Sorry if the questions dont make much sense. I actually am guilty of Frankensteining many workouts by adding alot of volume to everything.

I don’t mean to intrude on the coach’s page, but it says in the FIRST POST that he has left to Cuba for one week as of Saturday. He will make a new thread when he comes back. So, are you guys being inconsiderate by not reading the opening bloody post, rude by ignoring it, or just incapable of reading/comprehension?

Thib,
What is the best way to add width to the delts and what exercise would you reccomend?

[quote]G87 wrote:
I don’t mean to intrude on the coach’s page, but it says in the FIRST POST that he has left to Cuba for one week as of Saturday. He will make a new thread when he comes back. So, are you guys being inconsiderate by not reading the opening bloody post, rude by ignoring it, or just incapable of reading/comprehension?[/quote]

I think it’s all of the above.

Good grief.

oh yeah crap, must be because im from a different time zone and all.

Coach,

Would just like to start by saying you are one of the few authors on here that I pay attention too. Your stuff is always very well written and insightful.

Now for the question.

As a former Oly lifter were do you feel the drive should come from in the foot? Do you advocate your athletes drive from their toes or from the middle of their feet?

I have heard some varying opinions from some of the coaches I work with and would like to get your thoughts on this matter.

Thanks in advance.

Marc.

*Edit to clarify I mean during the second pull were do you reckon the drive should come from?

HE IS AWAY ON VACATION!!!

[quote]Christian Thibaudeau wrote:
Guys I’m leaving tomorrow (Saturday) evening for 1 week in Cuba (much needed vacation). Internet access is very limited over there (I might be able to come online one hour a day) and I can’t bring my laptop.

So until that time I’m devoting my whole time the answering as many questions as I can. Post them here.

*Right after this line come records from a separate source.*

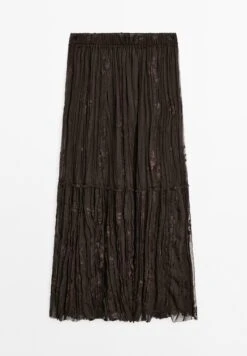 Massimo Dutti LONG PLEATED WITH EMBROIDERED DETAIL - Maxi Skirt - Dark Brown -Massimo Dutti Shop 3a4781a7cbbd40a2acee91c1ff59c7e4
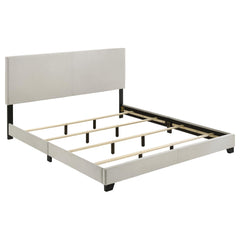 Dorian Cream Fabric Upholstered Eastern King Panel Bed - Ornate Home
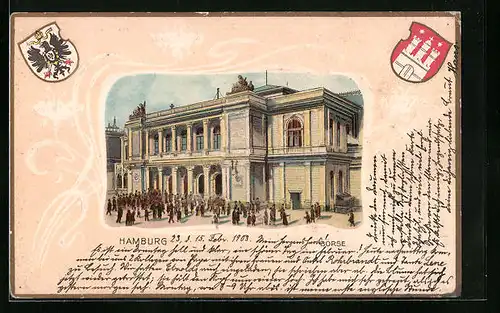 Passepartout-Lithographie Hamburg, Börse, Wappen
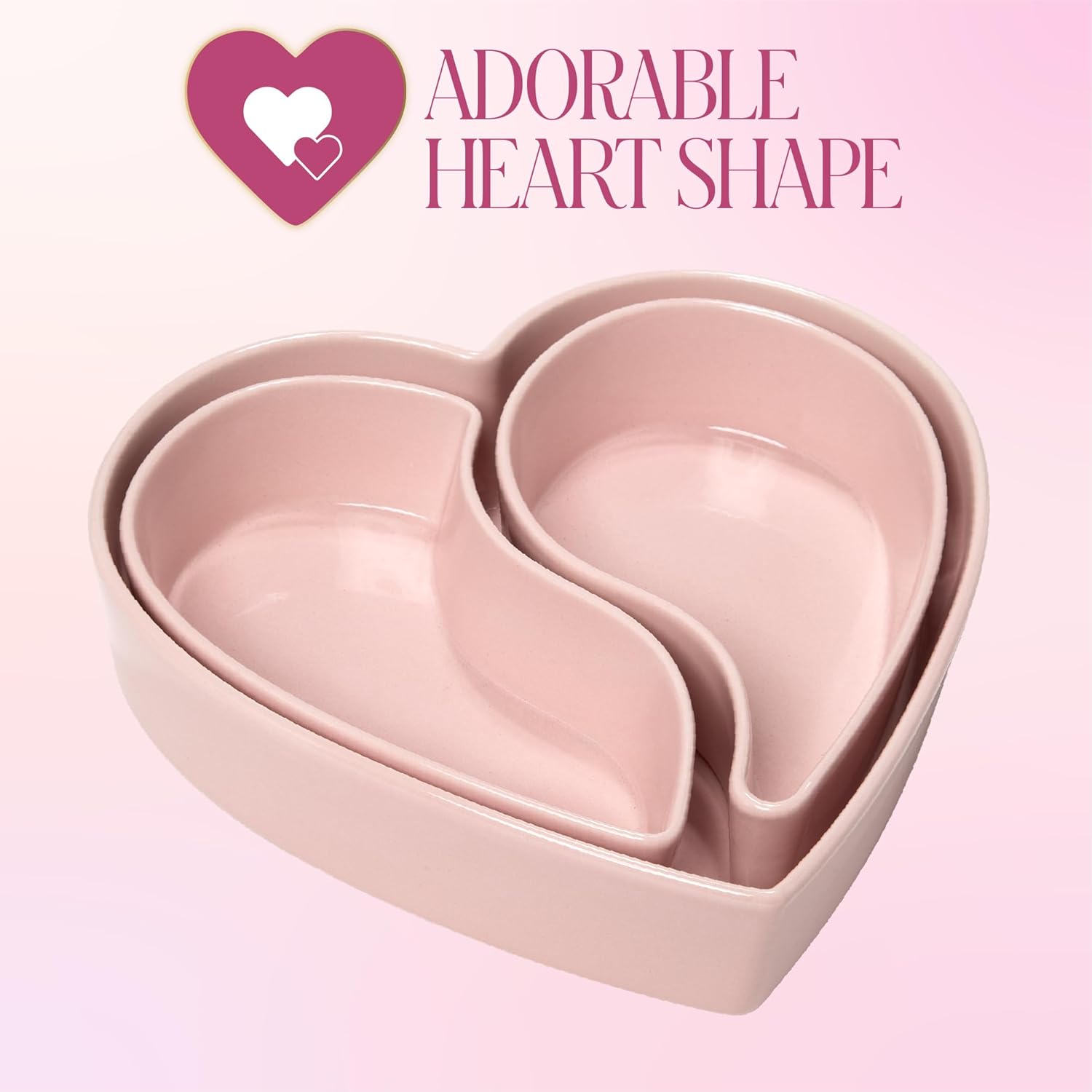 Paris Hilton Iconic Ceramic Stoneware Heart Serving Dish Set, Adorable 3-Piece Design with Two 1.5 Cup Small Dishes and One 5 Cup Large Dish, Microwave & Dishwasher Safe, Pink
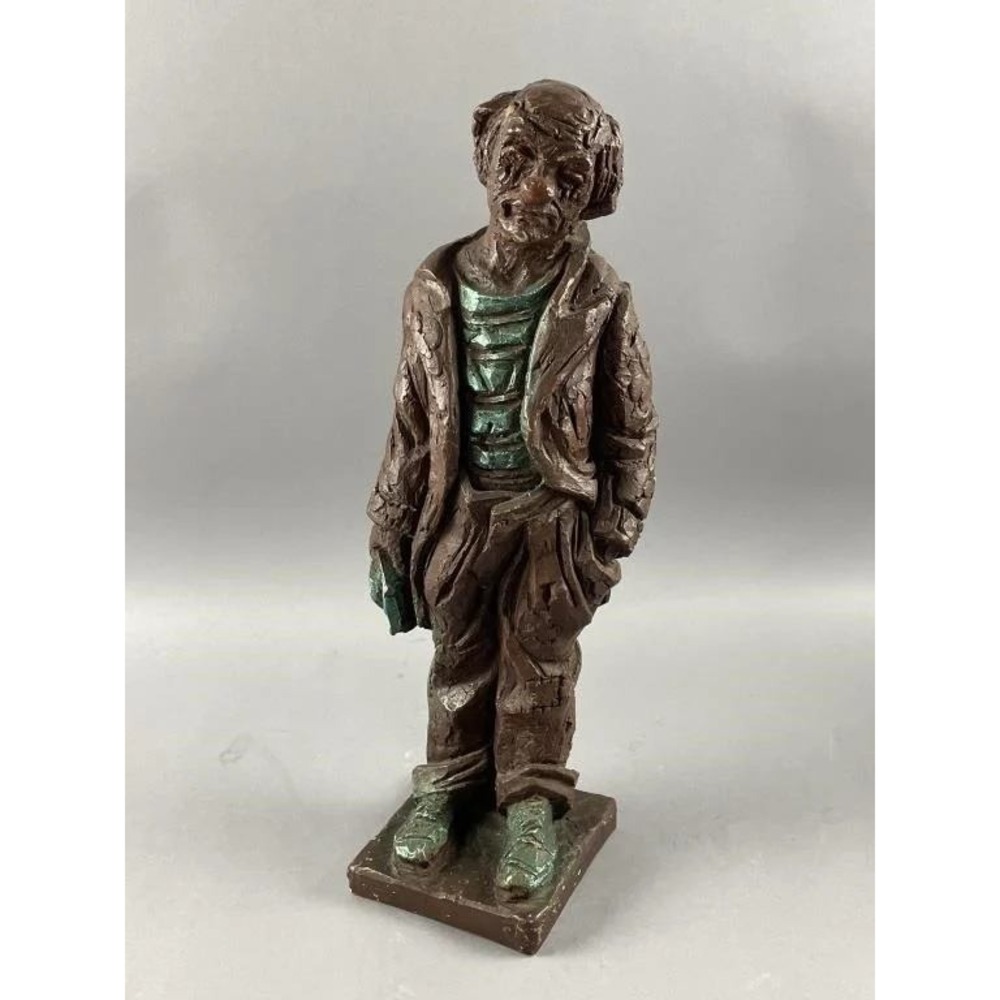 Vintage Hand Painted Old Man Hobo Figurine Statue Brown Green Rustic Folk Art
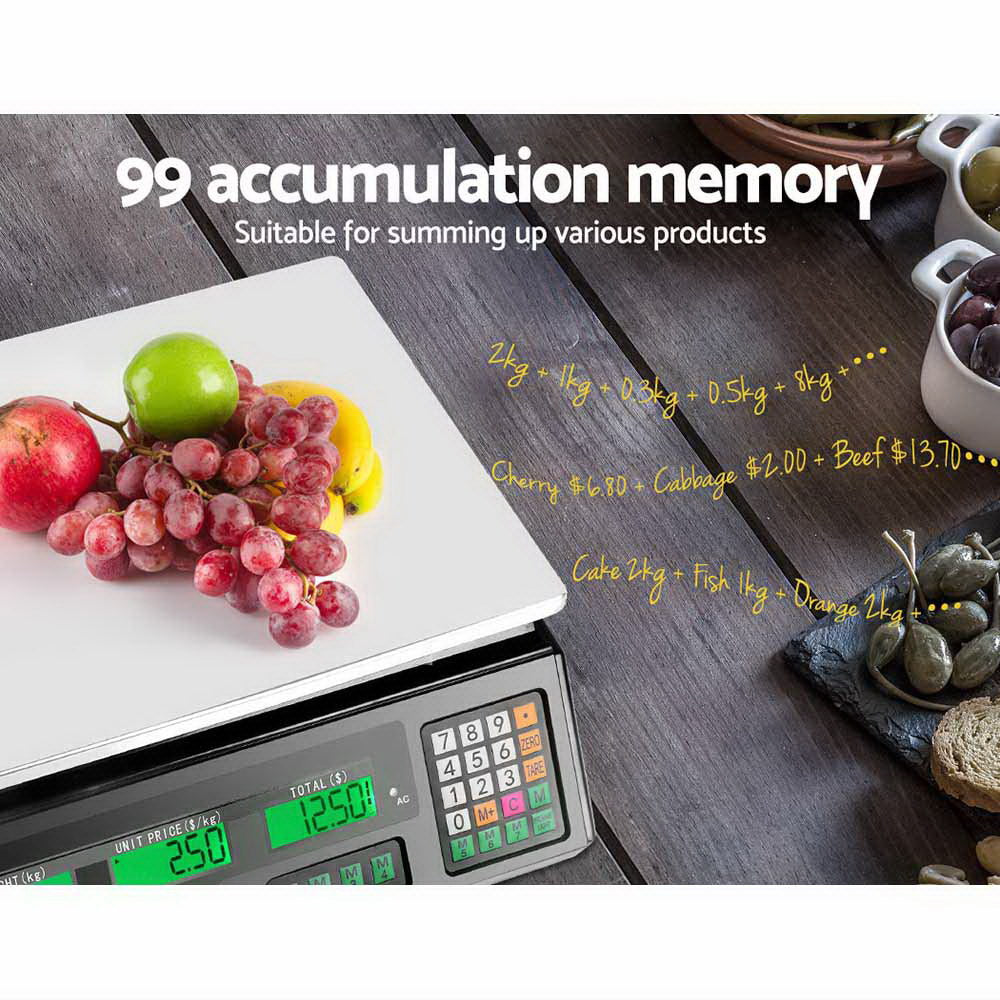 Emajin 40kg Digital Kitchen Weighing Scales Black LCD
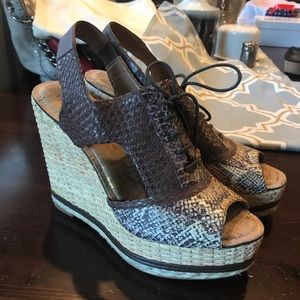 Sam Edelman Tinley Snakeskin Wedges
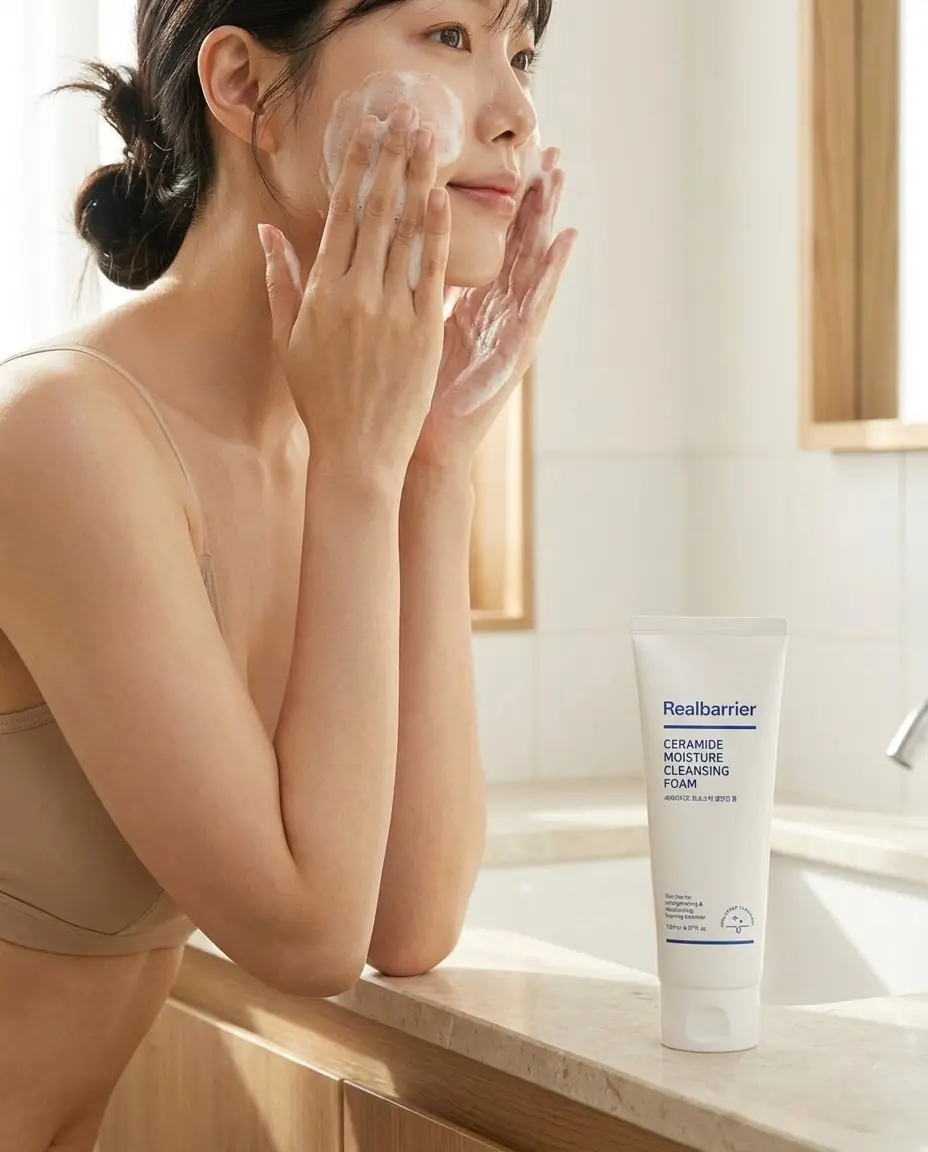 Real Barrier Ceramide Moisture Cleansing Foam 120ml — Hassas cilt için düşük tahriş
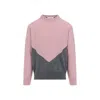 Jil Sander High Neck Color-blocked Sweater With Chevron Design In Pink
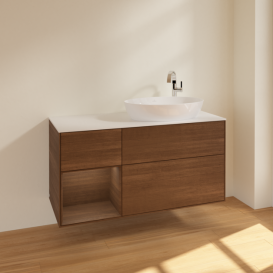 Тумба под раковину Villeroy & Boch Finion 120х50,1 см с подсветкой МДФ шпон грецкого ореха/стекло белое матовое F921GNGN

When I’ll get back I’ll start another Q&A thread as the one I have is too slow because of the post volume.[/quote]

Hey Thibs,
Just got your email of your new dvd; Mechanical Drop Sets,
12 Weeks to Ultimate Muscle Building. Just wanted to know if this is, or similar to the one you’ll be releasing on T-Nation in the next few months?
Have fun on vacation.

didnt go through all the posts yet but thinking i should have posted this here rather than in the other thread:

purchased the program after some reading some of the great feedback and results. a few questions fro those doing it (or CT)

  1. looks like only a few HIT cardio sessions and 1 metabolic session during 1st few weeks. With some of the big fat loss/weight loss #s are u guys adding any cardio? should i if my goal is more fat loss?
  2. portions are all in grams? rather than ozs. whihch my food scale reads. how are you guys assessing portions?
  3. how bad do stutter reps suck?!?! haha
    4)do u count FF ottage cheeses as protein, dairy, or both
  4. for cardio metabolic days can i sub another cardio activity spinning, boxing, etc?